- Theatrical release poster
- Kanji: ちいさな英雄－カニとタマゴと透明人間－
- Revised Hepburn: Chīsana Eiyū: Kani to Tamago to Tōmei Ningen
- Directed by: Hiromasa Yonebayashi; Yoshiyuki Momose; Akihiko Yamashita;
- Written by: Hiromasa Yonebayashi; Yoshiyuki Momose; Akihiko Yamashita;
- Produced by: Yoshiaki Nishimura
- Music by: Takatsugu Muramatsu; Masanori Shimada; Yasutaka Nakata;
- Production company: Studio Ponoc
- Distributed by: Toho
- Release date: August 24, 2018 (Japan);
- Running time: 53 minutes
- Country: Japan
- Languages: Japanese English

= Modest Heroes =

Modest Heroes (ちいさな英雄－カニとタマゴと透明人間－, Chīsana Eiyū: Kani to Tamago to Tōmei Ningen) is a 2018 Japanese animated anthology film produced by Studio Ponoc. The film is the first volume in the studio's Ponoc Short Films Theatre anthology, and includes films written and directed by Hiromasa Yonebayashi, Yoshiyuki Momose, and Akihiko Yamashita.

==Plots==
==="Kanini & Kanino"===
Kanini and Kanino are tiny anthropomorphized freshwater crab siblings who live underwater in a nearby stream. Their father, Toto, is taking care of them while their mother, Kaka, has gone away to give birth. When they suddenly find themselves alone, the siblings embark on a dangerous journey to find their father. All of the dialogue is performed in a made-up language.

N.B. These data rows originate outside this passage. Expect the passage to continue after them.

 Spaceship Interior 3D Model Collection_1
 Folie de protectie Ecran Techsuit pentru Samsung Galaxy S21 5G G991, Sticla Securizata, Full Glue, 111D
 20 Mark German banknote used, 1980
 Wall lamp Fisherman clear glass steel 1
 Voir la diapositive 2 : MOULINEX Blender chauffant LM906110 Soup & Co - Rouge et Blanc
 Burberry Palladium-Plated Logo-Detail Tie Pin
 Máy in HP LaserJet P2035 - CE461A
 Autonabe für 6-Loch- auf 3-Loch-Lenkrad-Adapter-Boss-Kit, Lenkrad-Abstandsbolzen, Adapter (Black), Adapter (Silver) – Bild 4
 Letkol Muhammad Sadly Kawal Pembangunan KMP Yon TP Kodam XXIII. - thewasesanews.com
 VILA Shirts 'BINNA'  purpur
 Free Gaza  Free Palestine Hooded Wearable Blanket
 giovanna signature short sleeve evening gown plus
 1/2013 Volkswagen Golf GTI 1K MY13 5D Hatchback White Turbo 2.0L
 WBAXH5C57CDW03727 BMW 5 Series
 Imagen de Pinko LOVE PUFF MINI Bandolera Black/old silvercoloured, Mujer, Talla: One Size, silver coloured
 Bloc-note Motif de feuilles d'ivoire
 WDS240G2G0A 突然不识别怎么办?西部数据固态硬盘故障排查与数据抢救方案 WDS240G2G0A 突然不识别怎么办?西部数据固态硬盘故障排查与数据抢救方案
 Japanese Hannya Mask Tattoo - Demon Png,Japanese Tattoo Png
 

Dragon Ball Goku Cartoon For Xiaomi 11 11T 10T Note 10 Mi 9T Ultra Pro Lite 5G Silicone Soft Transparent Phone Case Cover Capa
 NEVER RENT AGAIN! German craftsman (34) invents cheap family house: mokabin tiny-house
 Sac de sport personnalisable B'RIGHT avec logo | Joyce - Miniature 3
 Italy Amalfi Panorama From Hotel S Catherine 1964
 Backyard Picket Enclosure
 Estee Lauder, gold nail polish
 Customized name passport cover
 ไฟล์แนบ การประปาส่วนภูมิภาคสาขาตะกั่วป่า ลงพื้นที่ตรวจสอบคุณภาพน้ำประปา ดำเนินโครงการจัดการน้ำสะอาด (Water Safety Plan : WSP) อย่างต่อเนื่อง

==="Life Ain't Gonna Lose"===
Shun Yashima is a young boy born with a lethal allergy to eggs. Every day, then, his family focuses on protecting Shun from contact with eggs. Shun has to eat special meals at school, his classmates must be careful not to spit on him and get saliva with egg all over him, and Shun has to take his allergy into consideration when he thinks about going on a school field trip. At the same time, his mother tries to maintain her career as a dance teacher. One day Shun mistakenly consumes egg products when his parents are away from home.

==="Invisible"===
A man struggles with not being seen by those around him. Throughout the day, he is ignored by everyone else, and even begins to lose his physical permanence. An unexpected stranger speaks to him... and then the invisible man suddenly has an opportunity to be a hero.

==Characters==
==="Kanini & Kanino"===
- Kanini (カニーニ, Kanīni)

- Kanino (カニーノ, Kanīno)

- Toto (トト, Tōto)

- Kaka (書か, Kāka)

==="Life Ain't Gonna Lose"===
- Mom (ママ, Mama)

- Shun Yashima (矢嶋シュン, Yashima Shun)

- Dad (パパ, Papa)

- Doctor (医者, Isha)

==="Invisible"===
- The Invisible Man (透明人間, Tōmei ningen)

- The Old Man (盲目の男性, Mōmoku no dansei)

==Production==
Studio Ponoc announced on March 27, 2018 that it would be launching a new project called the Ponoc Short Films Theatre (ポノック短編劇場, Ponokku Tanpen Gekijō), an anthology of animated short films divided into volumes based on their themes. They announced that the first volume would be titled Modest Heroes, and would consist of three short films by former Studio Ghibli staffers Hiromasa Yonebayashi, Yoshiyuki Momose, and Akihiko Yamashita. The film is produced by Yoshiaki Nishimura. Yonebayashi's 18-minute "Kanini & Kanino" (カニーニとカニーノ, Kanīni to Kanīno) is a fantasy adventure film with music composed by Takatsugu Muramatsu, who had previously worked with the director on When Marnie Was There and Mary and the Witch's Flower. Momose's 16-minute "Life Ain't Gonna Lose" (サムライエッグ, Samurai Eggu) is a drama film scored by Masanori Shimada. The soundtrack is the first Shimada has composed for a film, having previously only worked in television. Yamashita's 13-minute "Invisible" (透明人間, Tōmei Ningen) is an action film with music by Yasutaka Nakata. The anthology's ending theme song is "Chiisana Eiyū" ("Modest Heroes") by Kaela Kimura.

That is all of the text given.